Patients were enrolled into the study between April 2004 and October 2005. Eligible infants were aged ≥3 to 12 months. AD was diagnosed according to the criteria of Seymour et al. (Citation23) (because these criteria were developed for patients aged ≤ 2 years) with disease affecting ≥ 5% of the TBSA. Patients had an IGA score of 2 or 3 (scale range: 0–5), indicating mild-to-moderate disease. Key exclusion criteria were: (i) use of systemic corticosteroids, (ii) use of immunosuppressants, cytostatic drugs, (iii) phototherapy within four weeks of the first application of study medication, (iv) topical tacrolimus ointment or PIM within two weeks, and (v) topical therapy for AD such as TCSs within three days. Immunocompromised patients and those with a history of malignant disease, active acute viral skin infection, or clinically infected AD were also excluded.

2.3. Primary endpoint

2.3.1. Safety analysis

All adverse events (AE) were coded by system organ class and preferred term according to the Medical Dictionary for Regulatory Activities (version 13.1). Growth rate was assessed by measuring height and weight at each visit. AEs recorded for the PIM group may have occurred either during treatment with PIM or with TCS for a flare.

2.4. Secondary endpoint

2.4.1. Efficacy analysis

Efficacy was evaluated by investigators during clinic visits using the IGA (range 0–5) for the whole body with a score of 0 (clear) or 1(almost clear) indicating treatment success, and the TBSA by inflammation. Special consideration was given to facial AD since face is more sensitive than other part of the body (Citation24).

2.5. Statistical analysis

2.5.1. Sample size determination

There was no formal sample size determination for this analysis since this was a sub-group analysis of the PETITE study (Citation11). All infants who were enrolled in the PETITE study from the study sites in Greater China were included in the sub-group analysis.

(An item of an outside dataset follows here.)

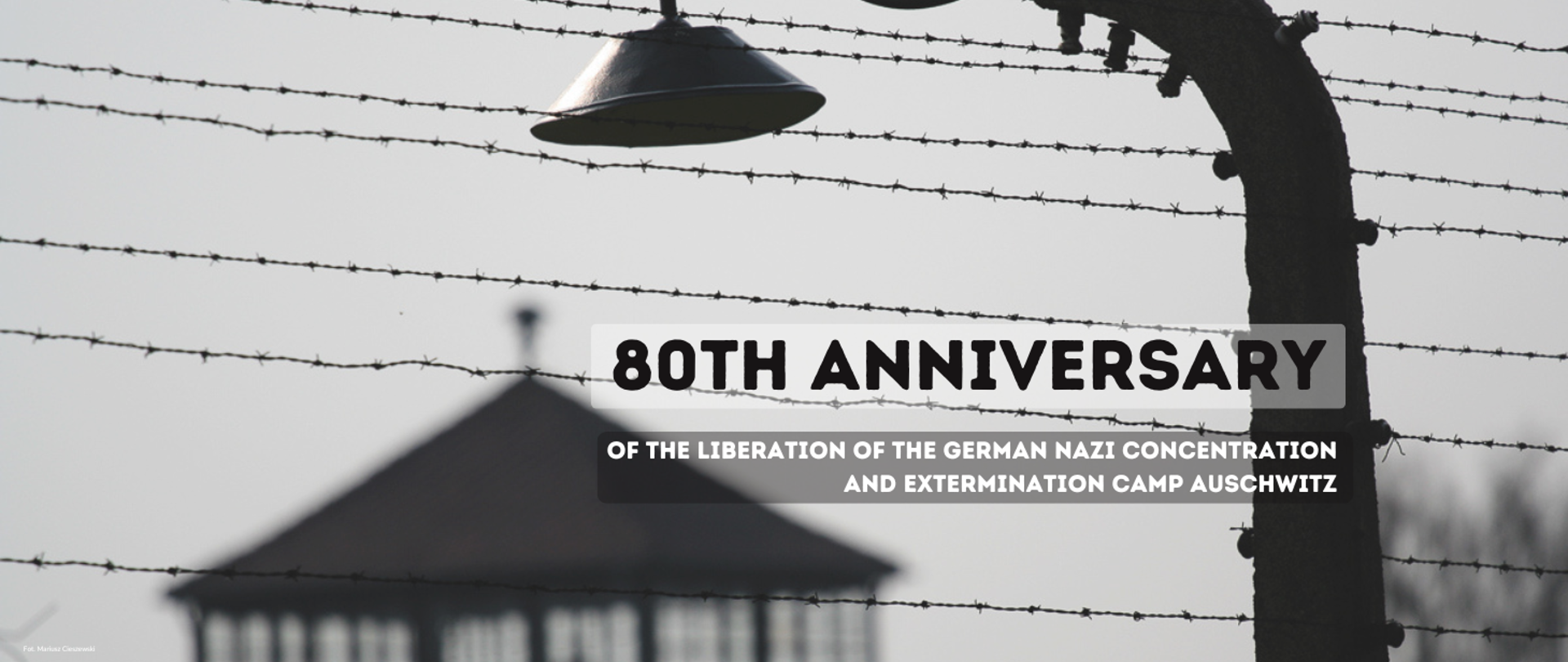 80th anniversary of the liberation of Auschwitz-Birkenau: memory and responsibility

2.5.2. Statistical methods

Adverse event data was summarized descriptively by system organ class and preferred term. Efficacy data i.e., overall, IGA, facial IGA and TBSA observed values were summarized descriptively.

3. Results

3.1. Study population

3.1.1. Disposition

The PETITE study, which was a pivotal study of Pimecrolimus in pediatric patients with AD, included a total of 2418 patients. Of these patients, 119 patients were part of the Chinese subgroup analysis. In the Chinese subgroup analysis, patients who were randomized to either PIM 1% or TCS were evaluated (PIM, n = 60; TCS, n = 59) ().

Figure 1. Patient disposition (TCS: Topical corticosteroid; ITT: Intent-to-treat; PIM: Pimecrolimus 1%).

Figure 1. Patient disposition (TCS: Topical corticosteroid; ITT: Intent-to-treat; PIM: Pimecrolimus 1%).

3.1.2. Demographics and baseline characteristics

The baseline characteristics () were comparable between the treatment groups, except for higher number of PIM patients had an IGA of 3 (moderate disease) compared to the patients treated with TCS (65.0% vs 49.2%).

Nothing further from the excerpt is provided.